Maison Usher
Ainsi nous nous tenons debout devant la grande baie vitrée, face à la ville plongée dans la pénombre.
Devant nous, les tours de la mégalopole tombent les unes après les autres. Nous sommes dans la séquence finale de Fight Club et assistons en silence à la chute des piliers du capitalisme financier.
L'effondrement de ces buildings-là nous laisse muets, comme celui des tours du World Trade Center nous avait arraché des cris et des larmes. Ici pas de victimes sautant des fenêtres éclatées, pas de corps brûlés dans les nappes de kérosène en flamme, pas d'appels d'adieu sur des téléphones mobiles bientôt vaporisés dans le souffle des explosions.
Cet effondrement-là est silencieux, aussi immatériel dans sa chute que l'ont été les fondations de sa gloire. Personne ne pleure ceux qui, la veille, clamaient qu'on devait leur laisser faire du profit sans la moindre contrainte et qui, à présent, quémandent sans dignité l'aide de ceux-là même qu'ils ont ruiné et exproprié.
Nous regardons tomber les tours de marbre les unes après les autres, impavides. Seuls quelques-uns se réjouissent, inconscients du fait qu'ils se tiennent eux-mêmes debout sous les tours. Sous peu les premiers éclats de métal tomberont, sous peu les premiers morceaux de chairs seront arrachés aux os, sous peu les premiers cris retentiront.
Nous regardons les tours tomber, étrangement étrangers à tous cela, à ceux qui souffrent la-haut. Nous ne disons rien, nous ne poussons aucun cri de victoire car nous savons au fond de nous-même que cette victoire-là nous laissera un goût de cendres dans la bouche.

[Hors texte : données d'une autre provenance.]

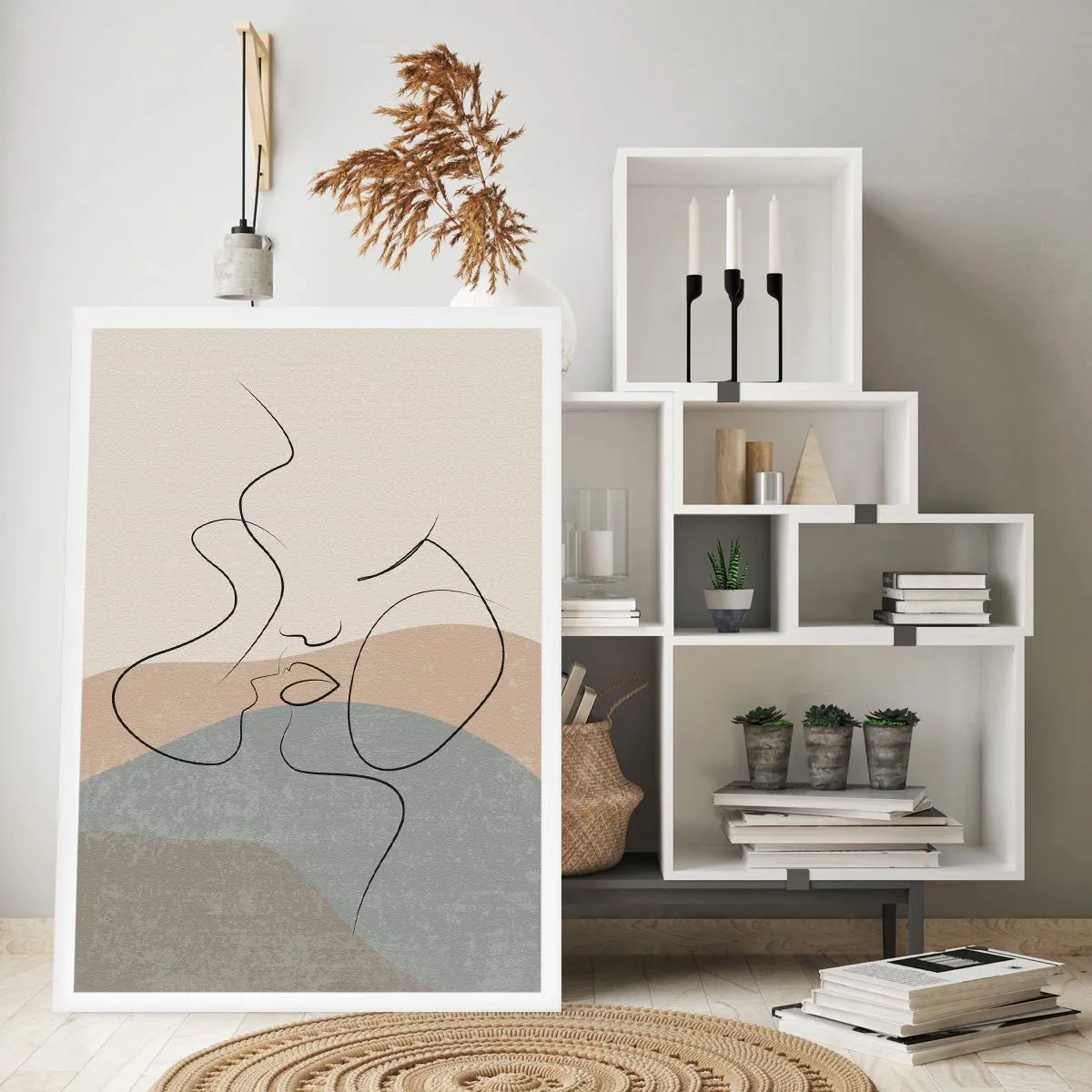 Affiche - Poster - Comme un coup de pinceau - 70x100 cm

Nous regardons les tours tomber en sachant que la chute de celles-ci n'est pas le triomphe de ceux-là, que la tumeur parasite est devenue si grosse que son ablation entraînerait la mort de l'organisme.
Nous regarderons les tours tomber en silence et déjà assistons aux premières alliances, aux premières reconstructions. Les tours s'épaulent les unes aux autres, vacillent et s'adossent à leurs voisines.
Ces tours-là chutent. Elles ne s'effondrent jamais totalement.